■ **Records for this task**:
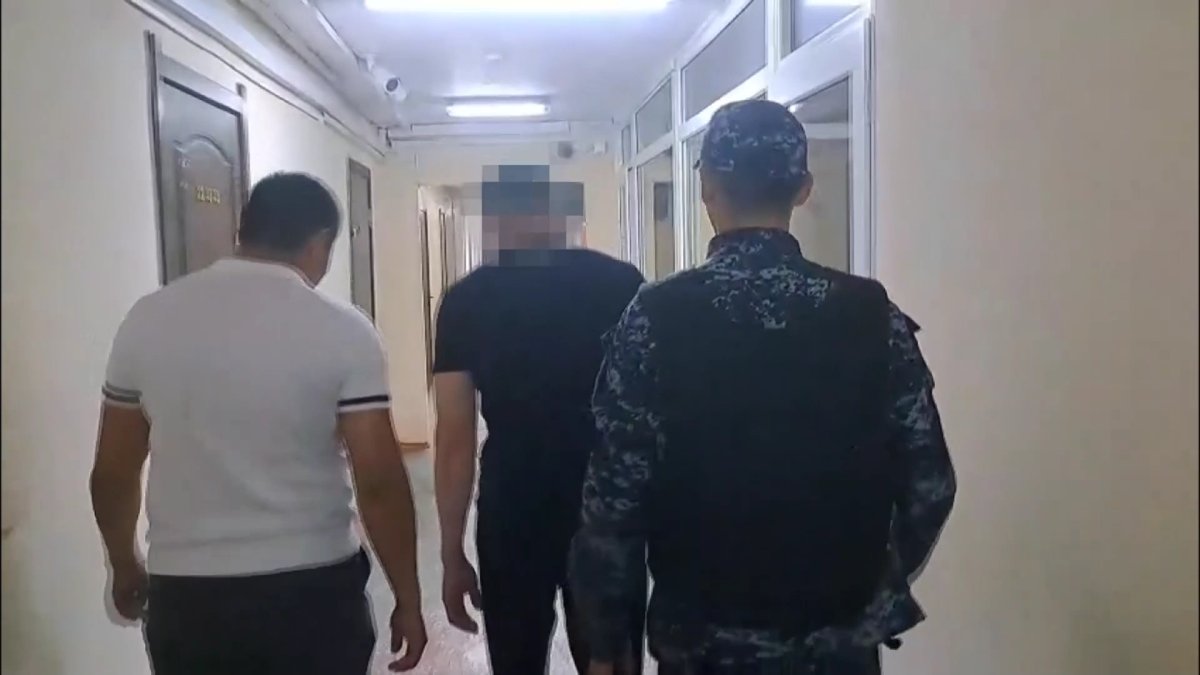 10 суток ареста за оскорбление врачей получил житель Караганды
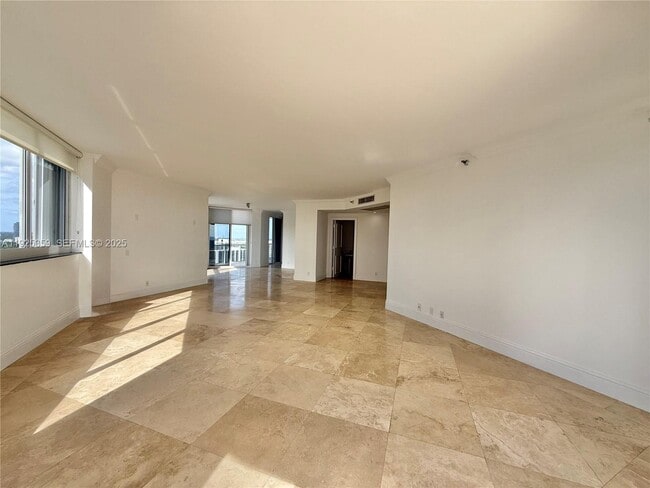 Foto del edificio - 3801 NE 207th St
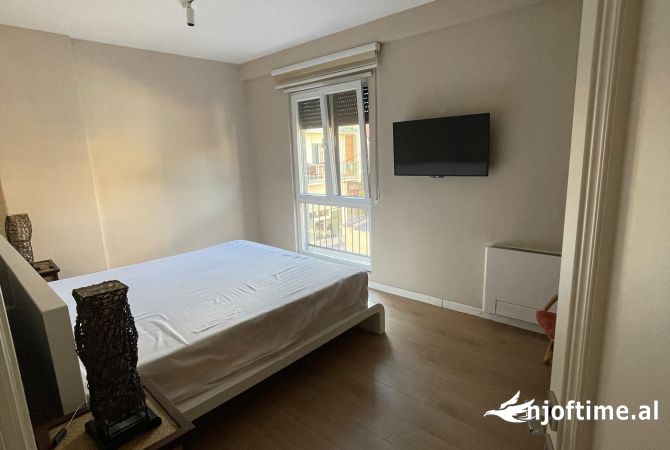 Shtepi me qera 3+1 ne Tirane - 1,500 Euro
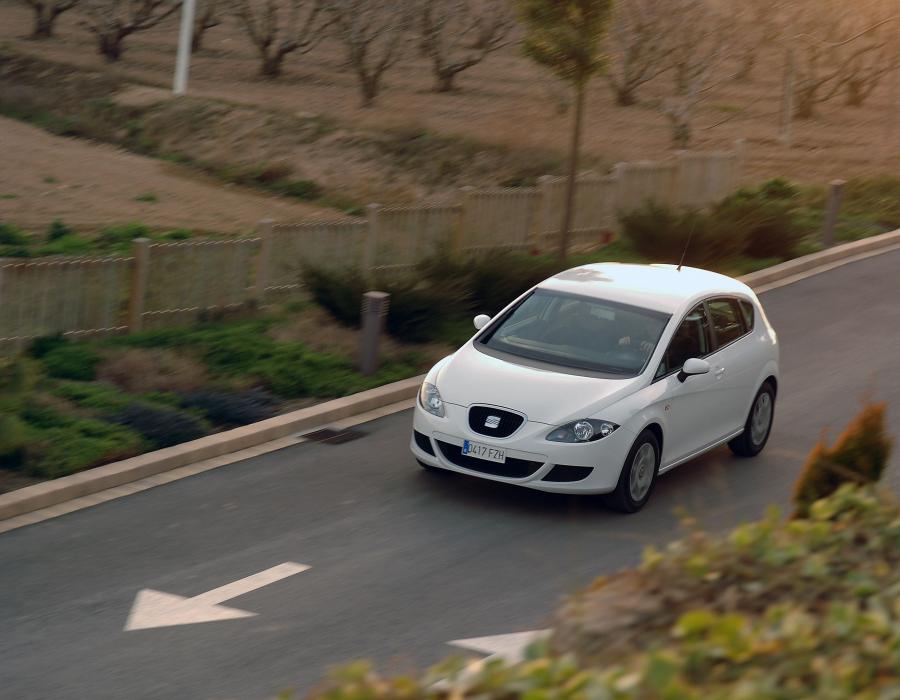  Seat Leon EcoMotive 2008 года  (фото 13 из 35)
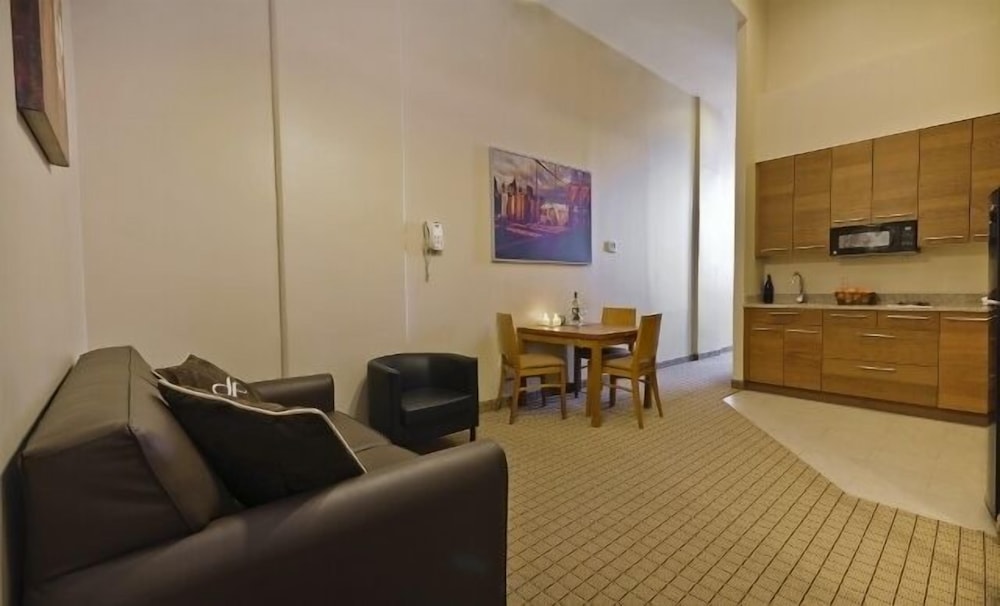 Suite, 2 Double Beds - Photo 10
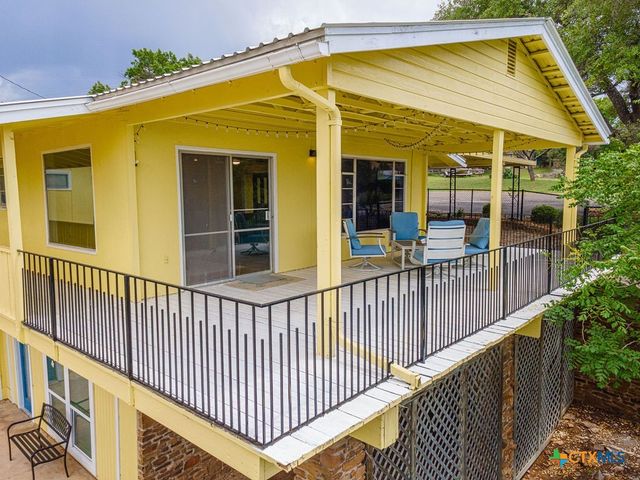 100 Kings Way, Horseshoe Bay, TX 78657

■ **Task item**: Give the listing again word for word, but drop every picture.

■ **Your response**:
 10 суток ареста за оскорбление врачей получил житель Караганды
 Foto del edificio - 3801 NE 207th St
 Shtepi me qera 3+1 ne Tirane - 1,500 Euro
  Seat Leon EcoMotive 2008 года  (фото 13 из 35)
 Suite, 2 Double Beds - Photo 10
 100 Kings Way, Horseshoe Bay, TX 78657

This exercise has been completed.